In psychologic acoustics, a pure tone can be the center with it, and the continuous noise with certain bandwidth is sheltered, if noise power equals the power of this pure tone in this frequency band, this moment, this pure tone was in the critical condition that can just be heard, and claimed that promptly this frequency band is critical bandwidth (unit is Bark).Critical band is the psychology foundation of sub-band division in the coding.People's ear to the analysis of audio signal based on critical band, a similar non-equiband bank of filters, widely different in different subbands.Therefore, critical band is the psychologic acoustics foundation of sub-band division in the coding.In sensing audio encoding, the division of subband should be approaching with the width of people's ear critical band as far as possible, so that better adapt to the auditory properties of people's ear.But, in the coding of reality, consider the cost of realization, this requirement can not obtain satisfying completely.Reason is, can and quantize the difficulty that there is technical elements in design near the non-equiband bank of filters design of the auditory properties of people's ear, relevant psychoacoustic analysis.
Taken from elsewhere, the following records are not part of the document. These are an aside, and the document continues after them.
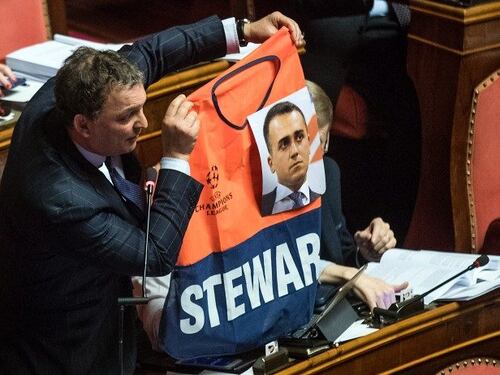 Senatore Forza Italia espone gilet steward con foto di Di Maio: bagarre in Aula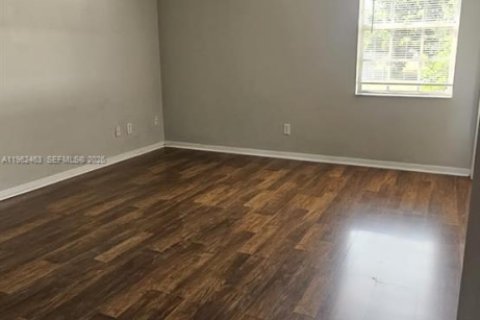 Villa ou maison à vendre à Port St. Lucie, Floride: 3 chambres, 89.19 m2 № 2024076 - photo 12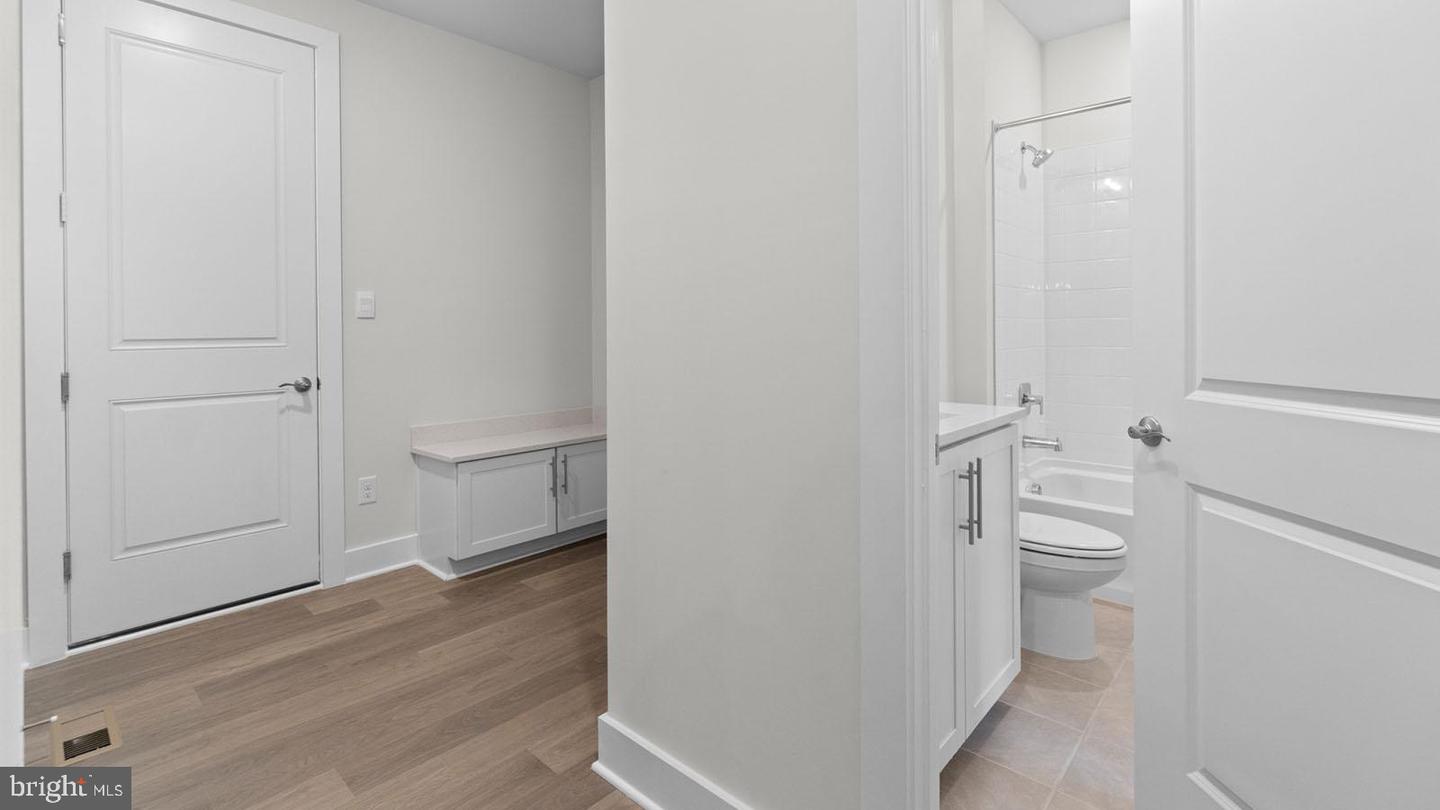 8281 COLLING MANOR CT, ALEXANDRIA, Virginia 22308, 6 Bedrooms Bedrooms, ,6 BathroomsBathrooms,Residential,For sale,8281 COLLING MANOR CT,VAFX2250504 MLS # VAFX2250504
Usually, a basic operation of perception audio encoding device be the audio signal of input from time-domain be mapped to frequency domain or the time one frequency domain, its basic thinking is: signal decomposition is the composition on each frequency band; In case input signal is expressed on frequency domain, psychoacoustic model just can be with removing minor matters information; Further, the composition on each frequency band is divided into groups.At last, by allocation bit number reasonably to express each class frequency parameter.Because audio signal shows strong quasi periodicity, this process can reduce data volume greatly, promote code efficiency.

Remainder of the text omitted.